From 93d37649ae63312548bb319e5d6d7305834e502f Mon Sep 17 00:00:00 2001
From: Thomas Otto <th1000s@posteo.net>
Date: Mon, 1 Nov 2021 22:31:33 +0100
Subject: Remove +/- line prefix instead of substituting a space

Simplifies line handling and printing by removing a "magical"
1-offset previously required in various locations.

Now explicitly prepend "" in `tokenize()`.
---
 src/edits.rs | 31 +++++++++++++++++++------------
 1 file changed, 19 insertions(+), 12 deletions(-)
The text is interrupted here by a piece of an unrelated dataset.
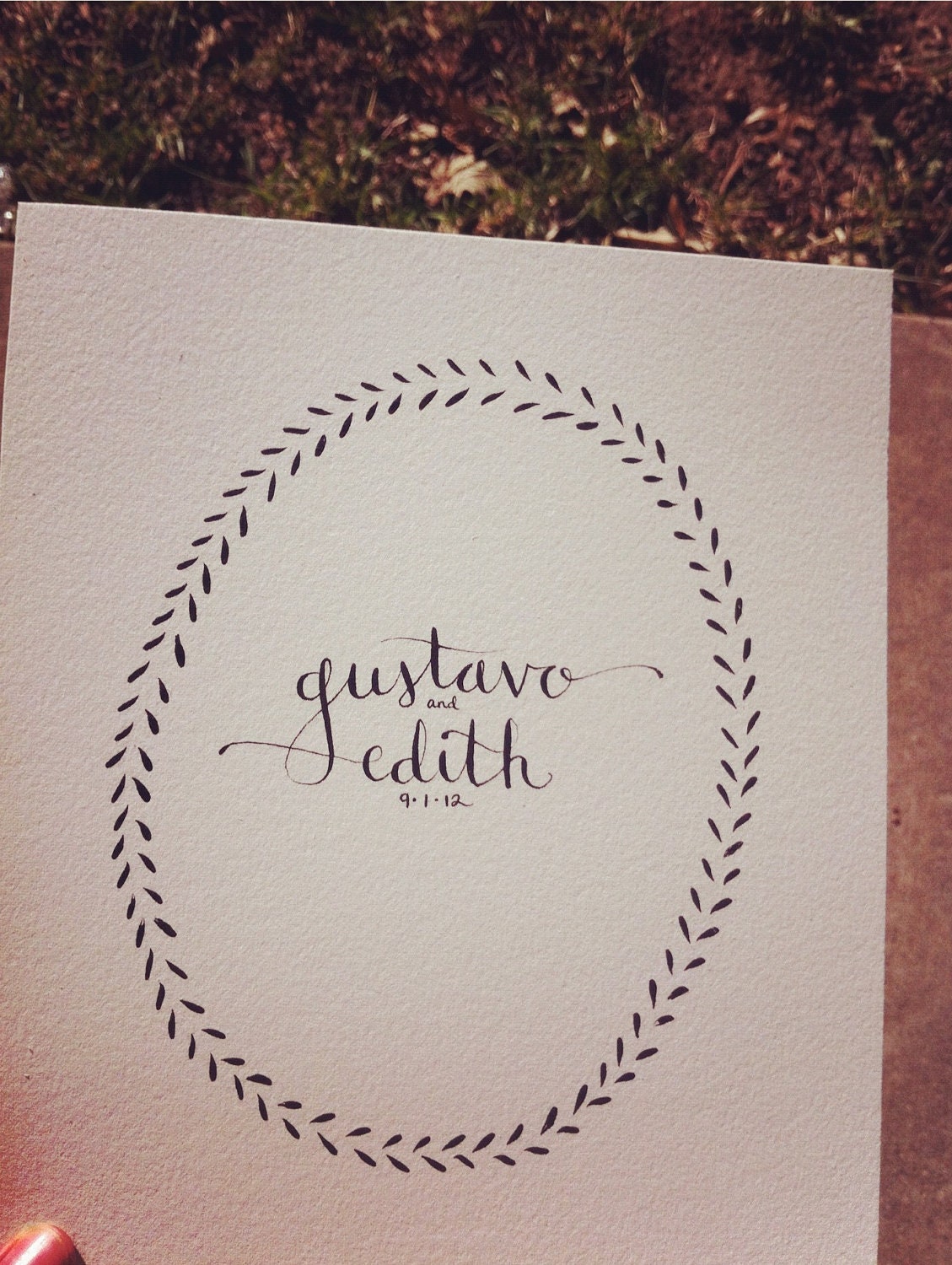 CUSTOM Calligraphy Art- 8x10 inches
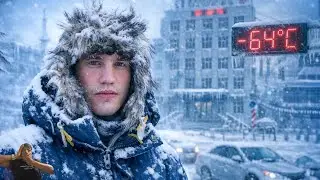 HE TRAVELLED TO THE COLDEST CITY ON THE PLANET (Yakutsk, RUSSIA!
(limited to 'src/edits.rs')
diff --git a/src/edits.rs b/src/edits.rs
index 06d934ff..11979aa8 100644
--- a/src/edits.rs
+++ b/src/edits.rs
@@ -30,8 +30,7 @@ pub fn infer_edits<'a, EditOperation>(
     Vec<(Option<usize>, Option<usize>)>, // line alignment
 )
 where
-    EditOperation: Copy,
-    EditOperation: PartialEq,
+    EditOperation: Copy + PartialEq + std::fmt::Debug,
 {
     let mut annotated_minus_lines = Vec::<Vec<(EditOperation, &str)>>::new();
     let mut annotated_plus_lines = Vec::<Vec<(EditOperation, &str)>>::new();
@@ -95,7 +94,9 @@ where
 /// Split line into tokens for alignment. The alignment algorithm aligns sequences of substrings;
 /// not individual characters.
 fn tokenize<'a>(line: &'a str, regex: &Regex) -> Vec<&'a str> {
-    let mut tokens = Vec::new();
+    // Starting with "", see comment in Alignment::new(). Historical note: Replacing the '+/-'
+    // prefix with a space implicitly generated this.
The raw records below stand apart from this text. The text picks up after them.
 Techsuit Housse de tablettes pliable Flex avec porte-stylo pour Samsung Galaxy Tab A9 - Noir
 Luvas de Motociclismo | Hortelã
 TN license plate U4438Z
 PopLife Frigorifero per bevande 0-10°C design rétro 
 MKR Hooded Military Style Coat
+    let mut tokens = vec![""];
     let mut offset = 0;
     for m in regex.find_iter(line) {
         if offset == 0 && m.start() > 0 {
@@ -136,8 +137,7 @@ fn annotate<'a, Annotation>(
     plus_line: &'a str,
 ) -> (Vec<(Annotation, &'a str)>, Vec<(Annotation, &'a str)>, f64)
 where
-    Annotation: Copy,
-    Annotation: PartialEq,
+    Annotation: Copy + PartialEq + std::fmt::Debug,
 {
     let mut annotated_minus_line = Vec::new();
     let mut annotated_plus_line = Vec::new();
@@ -467,7 +467,10 @@ mod tests {
     fn assert_tokenize(text: &str, expected_tokens: &[&str]) {
         let actual_tokens = tokenize(text, &*DEFAULT_TOKENIZATION_REGEXP);
         assert_eq!(text, expected_tokens.iter().join(""));
-        assert_eq!(actual_tokens, expected_tokens);
+        // tokenize() guarantees that the first element of the token stream is "".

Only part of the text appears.